A pretensão de cobrança das cotas condominiais prescreve, portanto, em cinco anos, a partir do vencimento de cada parcela condominial.

Definido o prazo prescricional, falta analisar se, na hipótese, houve a prescrição da pretensão do condomínio.

Constata-se, da análise dos autos, que a cota condominial mais antiga cobrada pelo recorrido refere-se a junho de 2001 (e-STJ fl. 2). Considerando o prazo vintenário previsto pelo CC/16, bem como a regra de transição do art. 2.028 do CC/02, o prazo prescricional aplicável na espécie é o do art. 206, § 5º, I do CC/02, iniciando-se a contagem do novo prazo prescricional – em relação às parcelas cujo inadimplemento ocorreu antes da vigência do atual Código Civil – a partir da vigência do CC/02.

Observa-se, contudo, que a ação de cobrança foi ajuizada em 19.12.03 (e-STJ fl. 02) e o recorrente somente foi intimado em 15.04.2008 (e-STJ fl. 133), tendo transcorrido entre a entrada em vigor do novo código civil e a citação lapso temporal superior a 5 anos.

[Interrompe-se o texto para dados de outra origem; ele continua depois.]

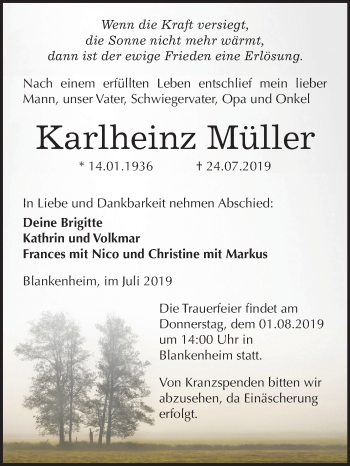 Traueranzeige von Karlheinz Müller von Wochenspiegel Sangerhausen
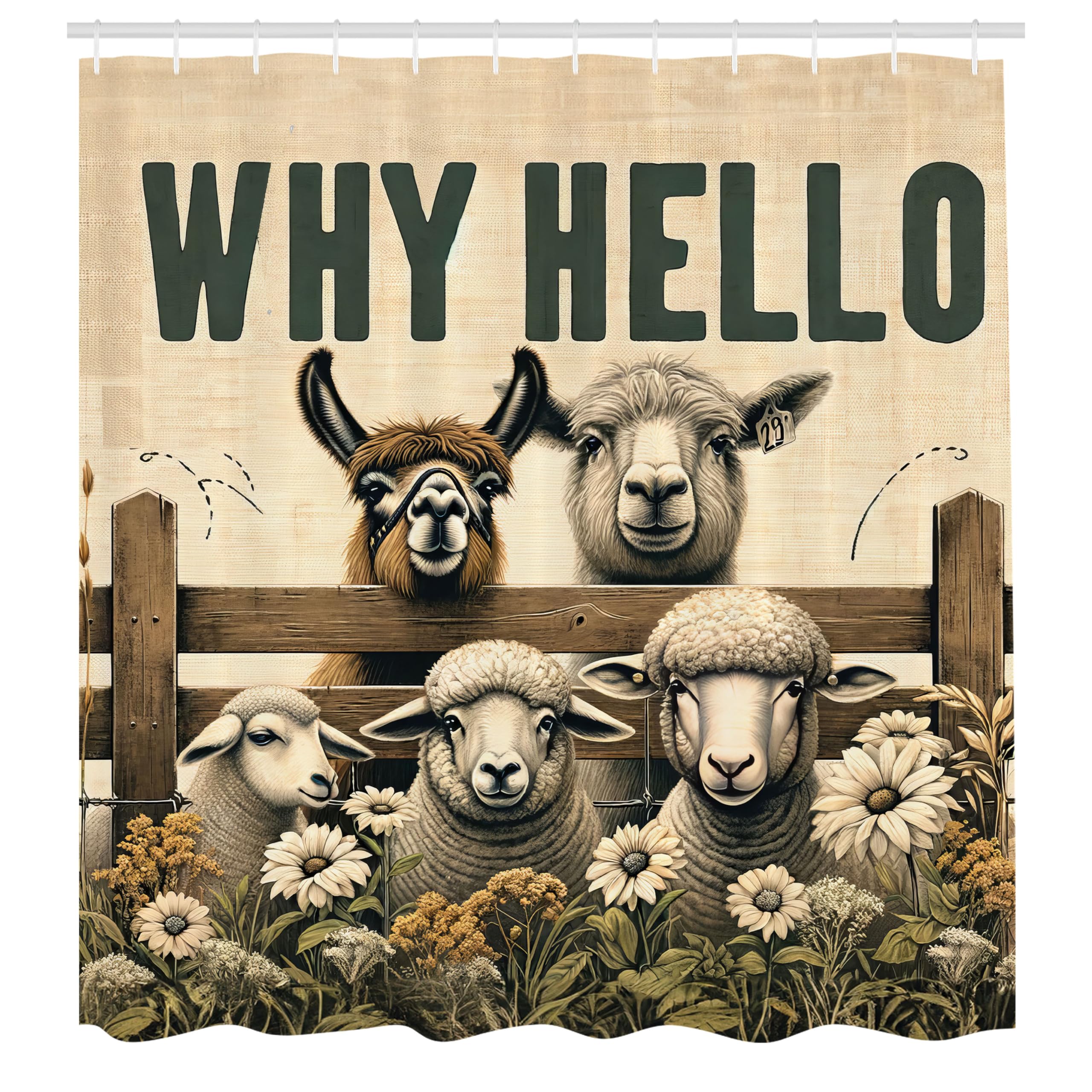ABAKUHAUS Farmhouse Sheep Shower Curtain | Waterproof Fabric, 175x200cm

Cumpre ressaltar que a jurisprudência do STJ é pacífica no sentido de que, nos termos do art. 219, § 1º, do CPC, a citação válida interrompe a prescrição, que “retroagirá à data de propositura da ação” quando a demora na citação do executado se deve a outros fatores, e não à desídia do credor. Nesse sentido: AgRg na MC 17.261/AP, 3ª Turma, de minha relatoria, DJe 12/11/2010; EREsp 620.218/GO, 2º Seção, Rel. Min. Fernando Gonçalves, DJ 11/10/2007.

Assim, para a solução da controvérsia é imprescindível descobrir se a demora na citação ocorreu por motivos inerentes ao mecanismo da justiça ou em virtude da omissão/inércia do autor.

Contudo, a apreciação da referida questão demanda a análise do conjunto fático-probatório, o que é vedado em recurso especial pela Súmula 7/STJ. Dessa forma, os autos devem retornar à origem para essa finalidade.

Forte nessas razões, DOU PARCIAL PROVIMENTO ao recurso especial, para alterar a regra de incidência da prescrição nos termos expostos no voto e, consequentemente, determinar a remessa dos autos ao TJ/RJ para que verifique a ocorrência de eventual prescrição.